* [Work instructions]: For this exercise, repeat exactly the lines below starting at the line holding "2025年成都混合团体世界杯 孝元姐姐也来了，晒了收到的花💐" and ending at the line holding "21972 Aberdeen Drive, Macomb Twp, MI 48042", both included, with no extra lines and no pictures.

* [Provided entries]:
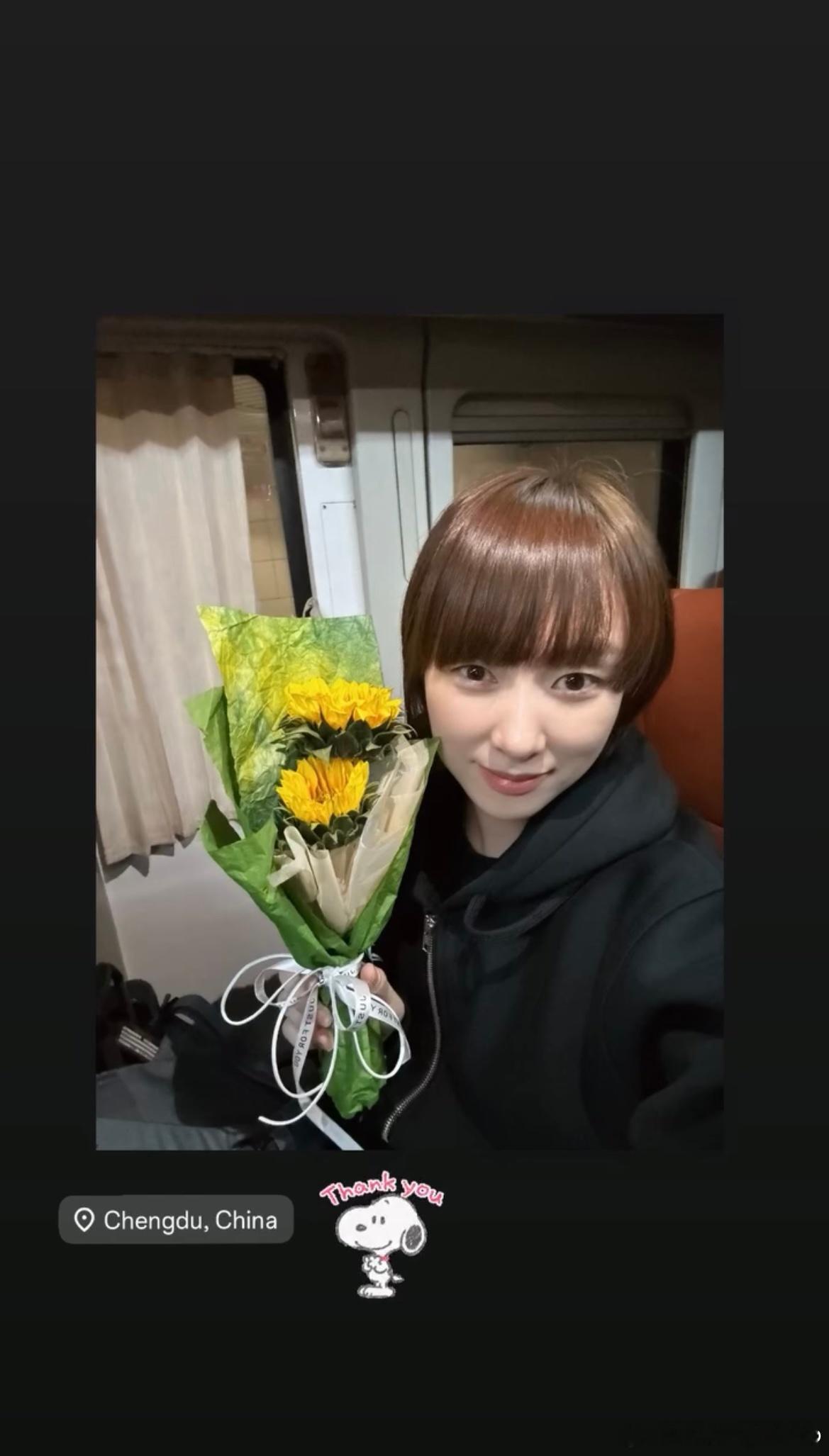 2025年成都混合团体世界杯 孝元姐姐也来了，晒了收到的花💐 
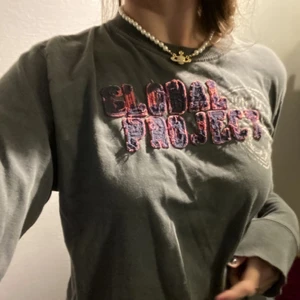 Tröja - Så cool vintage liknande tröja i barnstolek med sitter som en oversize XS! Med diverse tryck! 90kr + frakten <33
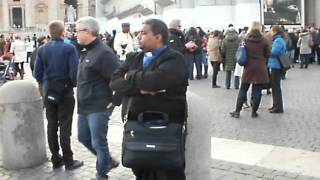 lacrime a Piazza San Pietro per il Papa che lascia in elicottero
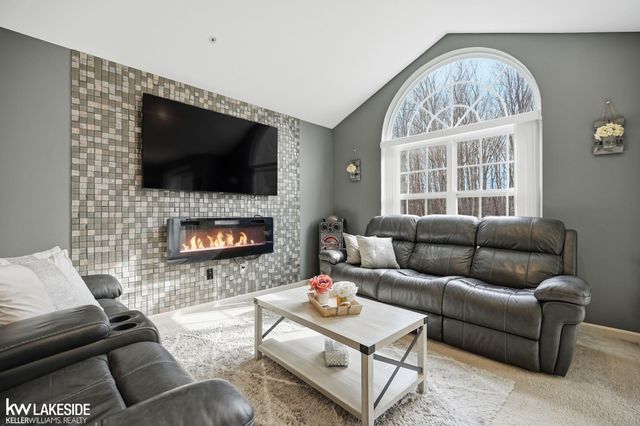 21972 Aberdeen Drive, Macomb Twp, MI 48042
...
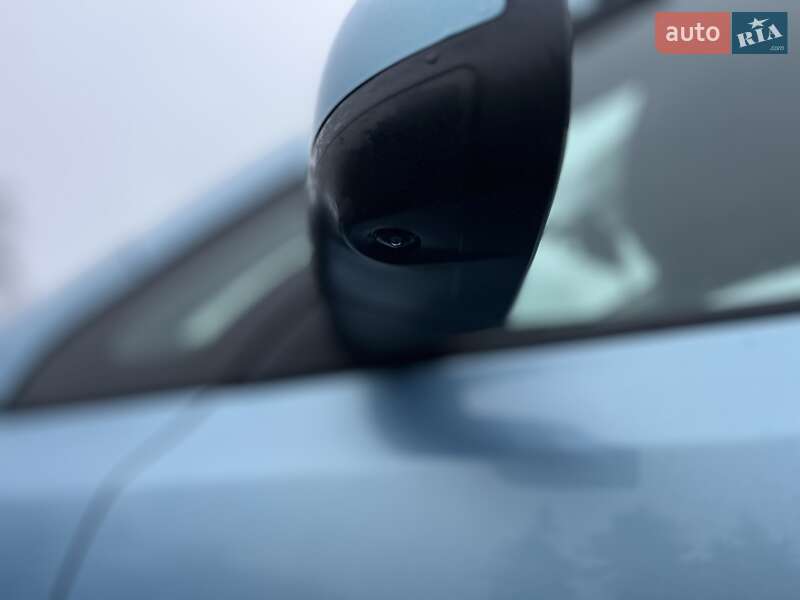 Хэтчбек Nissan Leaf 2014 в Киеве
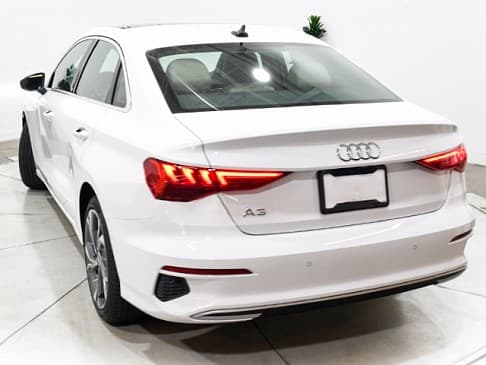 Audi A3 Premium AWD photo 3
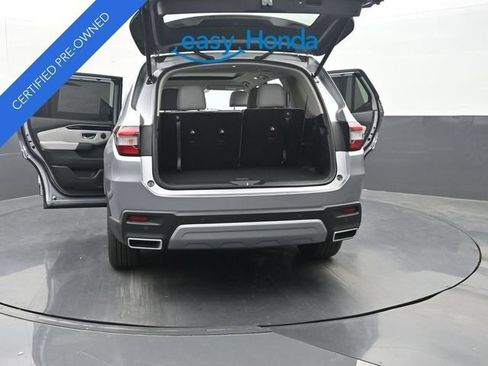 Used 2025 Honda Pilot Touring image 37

* [Solution to this problem]:
 2025年成都混合团体世界杯 孝元姐姐也来了，晒了收到的花💐 
 Tröja - Så cool vintage liknande tröja i barnstolek med sitter som en oversize XS! Med diverse tryck! 90kr + frakten <33
 lacrime a Piazza San Pietro per il Papa che lascia in elicottero
 21972 Aberdeen Drive, Macomb Twp, MI 48042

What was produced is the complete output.